George Washington University President Decries DC Police’s Refusal to Clear ‘Illegal’ Anti-Israel Encampment

The DC mayor has been invited to testify before Congress about the ongoing protest on campus.

AP/Mark Schiefelbein
An encampment of students protesting against the Israel-Hamas war at George Washington University. AP/Mark Schiefelbein

The president of George Washington University says the District of Columbia’s metropolitan police are refusing to clear the “illegal and potentially dangerous” encampment on the campus green. The mayor of the nation’s capital, Muriel Bowser, has been invited to testify before Congress about her refusal to clear the protest. 

University students set up an encampment on GW’s campus green on April 25, just over a week after the encampment at Columbia University sprang up. Students have for more than a week flown the Palestinian flag, pitched dozens of tents across the lawn, and vandalized the statue of President Washington at the heart of the university. 

“What is currently happening at GW is not a peaceful protest protected by the First Amendment or our university’s policies. The demonstration, like many around the country, has grown into what can only be classified as an illegal and potentially dangerous occupation of GW property,” the university president, Ellen Granberg, said in a letter to the GW community on Sunday. 

According to the Washington Post, the university administration asked metropolitan police to clear the protest from the yard on the same day it was set up, though that request was denied by police. 

In her Sunday letter, Ms. Granberg says the DC police are still refusing to clear the protest at her request, though she is in contact with them and they have stationed officers near the encampment.  “We continue to ask for the full support of our partners, including the District of Columbia,” she said.

Ms. Granberg says while she is personally “grief-stricken” by the situation at Gaza, there can be no tolerance for illegal protesting on the university’s campus. 

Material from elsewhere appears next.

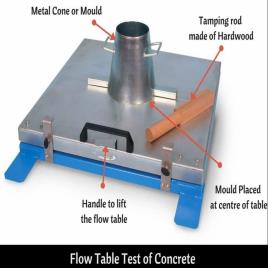 Steel Flow Measuring Table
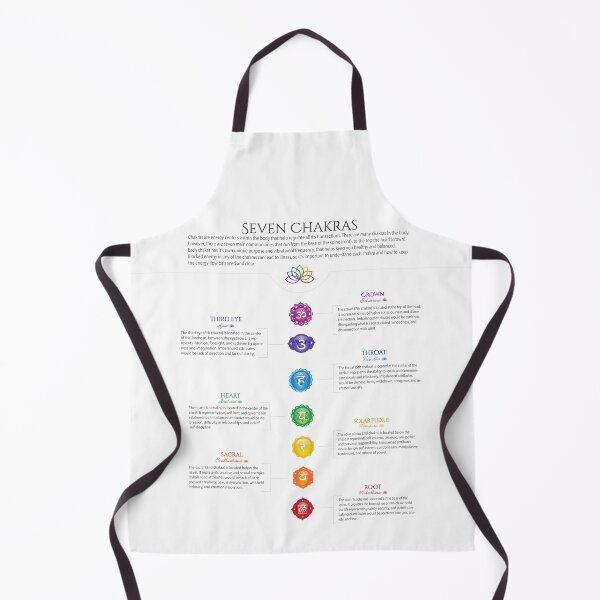 Item preview, 7 Chakra Chart - 23 designed and sold by chakraplaza.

“When protesters overrun barriers established to protect the community, vandalize a university statue and flag, surround and intimidate GW students with antisemitic images and hateful rhetoric, chase people out of a public yard based on their perceived beliefs, and ignore, degrade, and push GW Police Officers and university maintenance staff, the protest ceases to be peaceful or productive,” Ms. Granberg wrote. 

“All of these things have happened at GW in the last five days,” she continued. 

The university president also says that outside agitators have taken over the protest with the help of students, which puts the GW community at risk. The demonstration has “been co-opted by individuals who are largely unaffiliated with our community and do not have our community’s best interest in mind,” she says. “It is increasingly unsafe and a violation of university and city regulations to have so many unidentified and unvetted people from outside the GW community living on university property.”

One university student told the student newspaper, the GW Hatchet, that the encampment will end once GW divests from Israel. “We buy into this university, we pay money into this university and we’re asking that the university take honest true stance in acknowledging their role in the ongoing genocide,” GW junior Mahmoud Beydoun told the outlet.

The DC mayor has been invited to appear before Congress on Wednesday by the chairman of the House Oversight Committee, Congressman James Comer. Ms. Bowser and the chief of the metropolitan police, Pamela Smith, have not announced if they will appear before the panel. 

Ms. Smith told the Hill that she has seen no behavior at the protest that warrants sending in police. “I think here in the District of Columbia, we allow people the opportunity to have freedom of speech, and that’s what we’re seeing right now. There has been no violence, no violent behavior, no confrontations,” she said.